2024年度の袋麺の需要数量は前年比3.3%増の20億2,807万食に達しました。コロナ禍の2020年に内食需要が急増して以降、袋麺の復権が続いている状況です。
品質向上で「お店の味」に接近
近年の袋麺は品質が大きく向上しています。製麺技術の進化により、生麺に近い食感を再現した商品が増え、スープも粉末と液体のダブルスープ方式を採用するなど、専門店に匹敵する味わいを実現しています。
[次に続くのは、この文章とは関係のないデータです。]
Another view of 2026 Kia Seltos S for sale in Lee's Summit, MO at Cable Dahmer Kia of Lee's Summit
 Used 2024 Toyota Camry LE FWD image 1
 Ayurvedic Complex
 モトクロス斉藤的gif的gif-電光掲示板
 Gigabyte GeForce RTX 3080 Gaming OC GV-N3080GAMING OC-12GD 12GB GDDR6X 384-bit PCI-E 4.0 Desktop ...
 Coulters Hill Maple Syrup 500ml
ご当地袋麺では、地元の食材を実際に使用することで、現地の味を忠実に再現している商品も多くあります。「しっかりトッピングして提供したら、インスタントだと気付かれないかもしれない」と専門家が評するほどの水準に達しています。
お土産・ギフト需要の拡大
ご当地袋麺は旅行のお土産としても定番化しています。軽くて持ち運びやすく、賞味期限も長いため、お土産に最適です。コロナ禍以降は通販での購入も増え、旅行に行かなくても全国のご当地麺を取り寄せられる環境が整っています。
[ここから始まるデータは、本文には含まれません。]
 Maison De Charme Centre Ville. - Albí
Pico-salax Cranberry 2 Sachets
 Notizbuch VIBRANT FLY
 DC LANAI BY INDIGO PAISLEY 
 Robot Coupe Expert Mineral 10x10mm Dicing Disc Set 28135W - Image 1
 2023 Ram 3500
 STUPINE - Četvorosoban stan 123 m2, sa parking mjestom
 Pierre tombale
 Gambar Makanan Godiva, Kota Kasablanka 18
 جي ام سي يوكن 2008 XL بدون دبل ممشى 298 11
JAF会員アンケートでは人気のご当地袋ラーメン15選が紹介されるなど、旅と食を結びつけた楽しみ方が広がっています。
注意点・展望
購入時のポイント
ご当地袋麺を選ぶ際は、製造元が地元の企業かどうかをチェックするのがおすすめです。地元の漁協や食品メーカーが製造している商品は、その土地の食材へのこだわりが強い傾向があります。また、通販で購入する場合は送料を含めたコストパフォーマンスも確認しましょう。
今後のトレンド
健康志向の高まりから、減塩タイプやノンフライ麺を使用したご当地袋麺も増加傾向にあります。また、インバウンド需要の高まりにより、海外の観光客が日本のご当地袋麺をお土産に購入するケースも増えています。地方の特産品を世界に発信するツールとしても、ご当地袋麺の可能性は広がっています。
まとめ
全国1,000種類以上のご当地袋麺は、各地域の食文化と特産品の魅力を凝縮した食の宝庫です。利尻昆布や青森しじみなど、現地でしか味わえなかった味が自宅で手軽に楽しめる時代になりました。
袋麺市場は物価高と品質向上を追い風に好調を維持しています。次の休日には、気になるご当地袋麺を取り寄せて、自宅で「旅する気分」を味わってみてはいかがでしょうか。